--- Dataset excerpts Enclosed Below ---

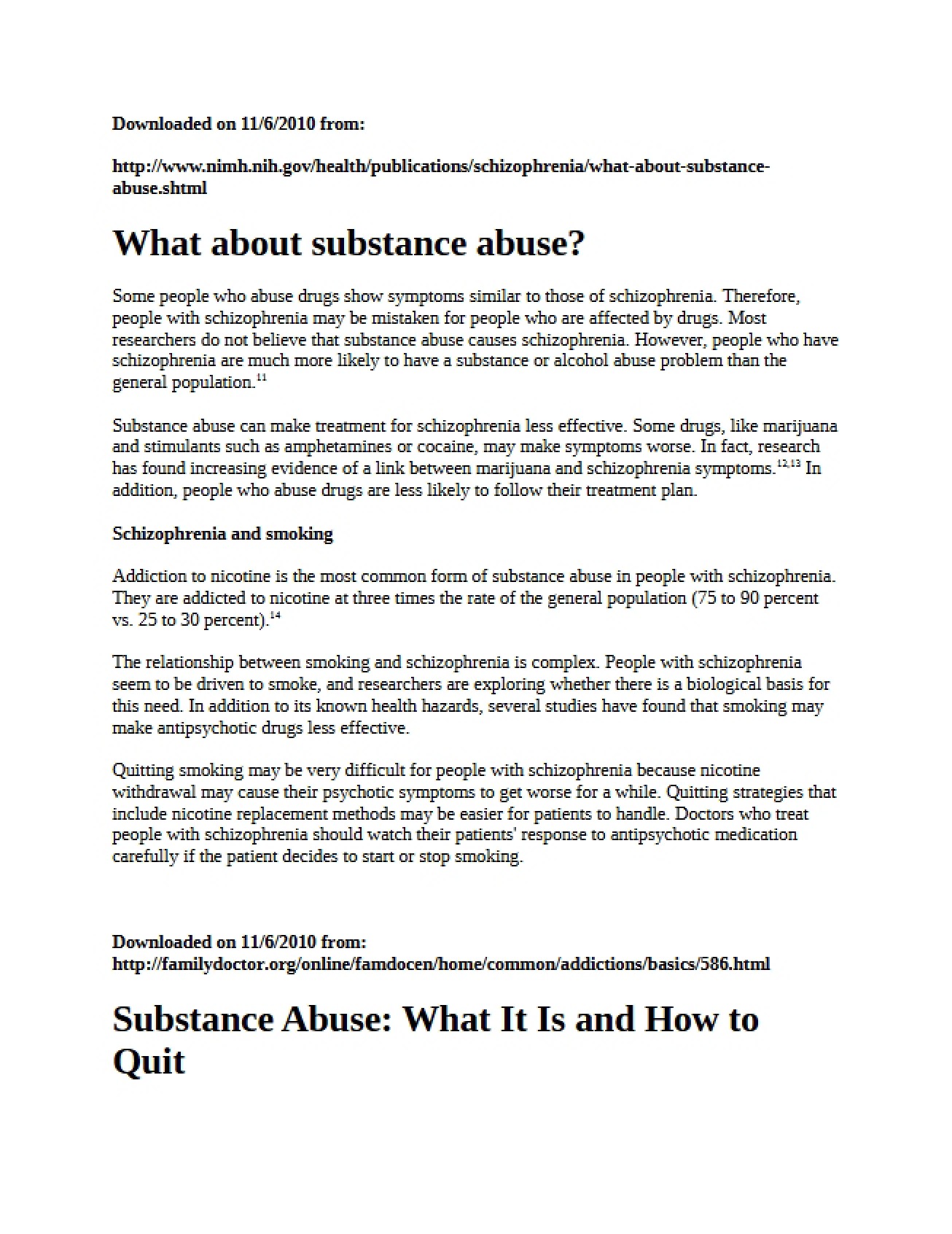 Abuse of Substances
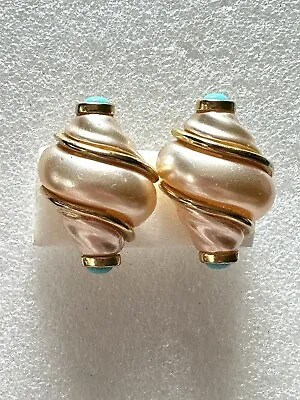 Vintage Kenneth Jay Lane KJL Shell Earrings Gold White Turquoise • $55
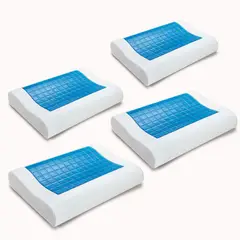 ENERGY PLUS - Set X4 Almohadas Ortopédica Viscoelástica Media 140X44 Cm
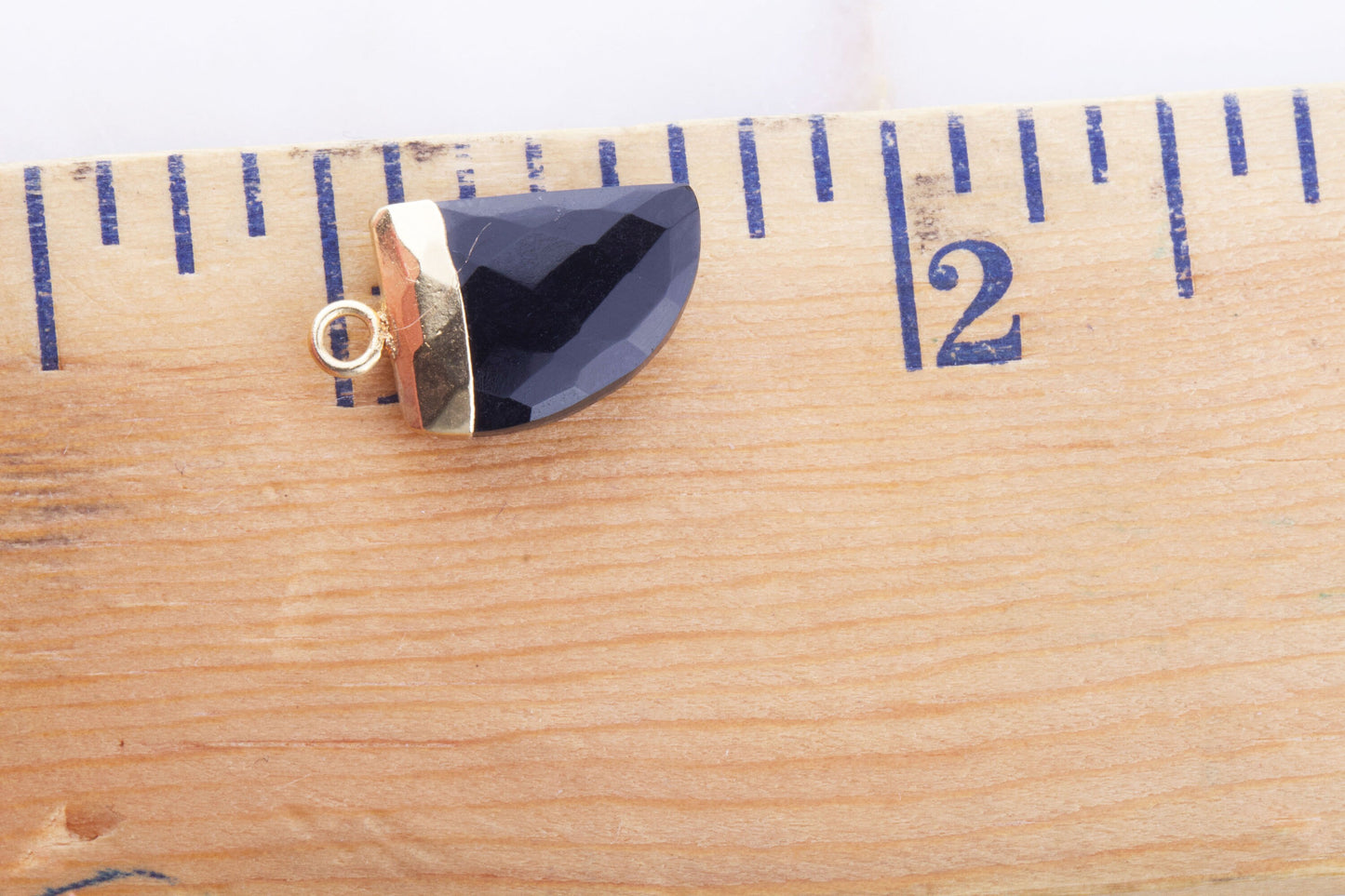 Black Spinel Gemstone Horn Tooth Drop Pendant, 19mm x 10mm, Gemstone Pendant, For Permanent Jewelry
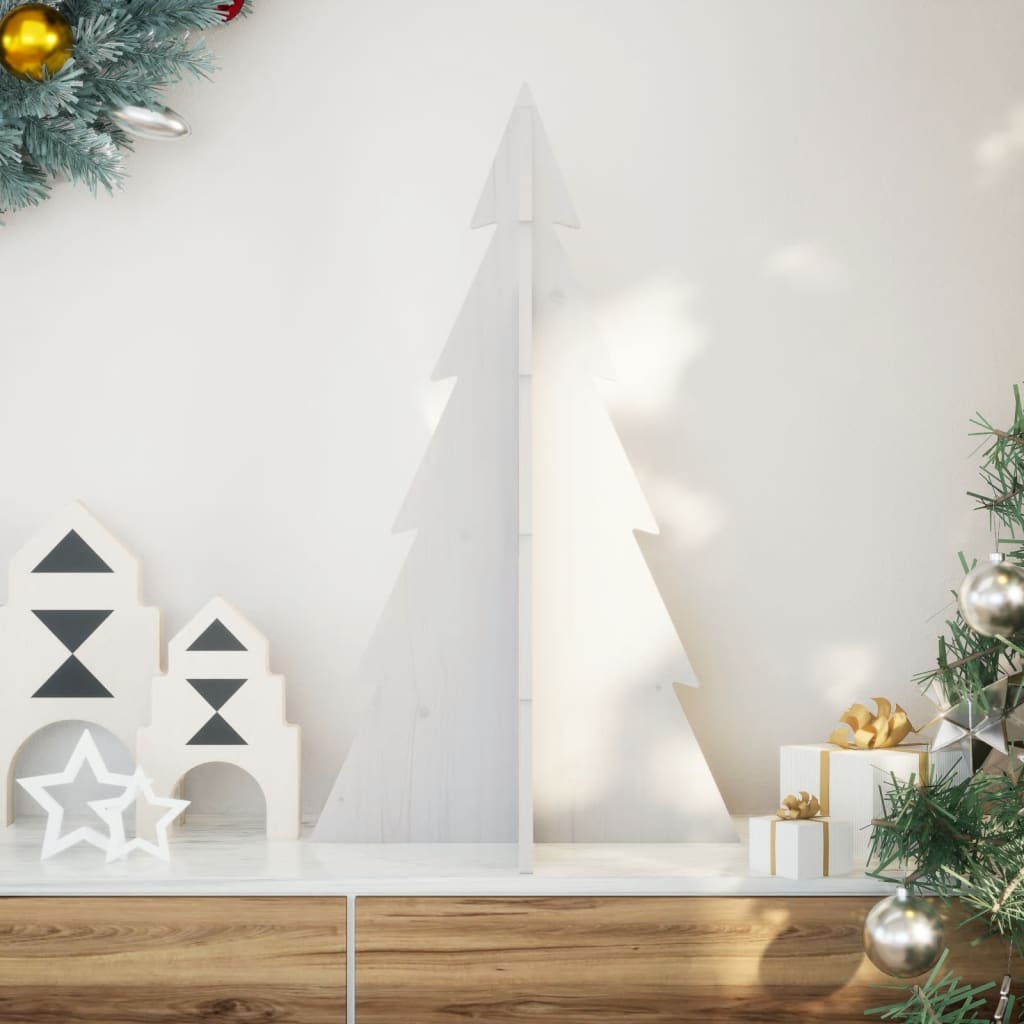 Sapin de Noël à décorer blanc 80 cm en bois de pin massif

--- End of Enclosed Dataset excerpts ---

**Brief**
Exactly the lines from the line containing "Black Spinel Gemstone" to the end of the records need to be copied, both ends included, with pictures left out.

**Solved exercise**
 Black Spinel Gemstone Horn Tooth Drop Pendant, 19mm x 10mm, Gemstone Pendant, For Permanent Jewelry
 Sapin de Noël à décorer blanc 80 cm en bois de pin massif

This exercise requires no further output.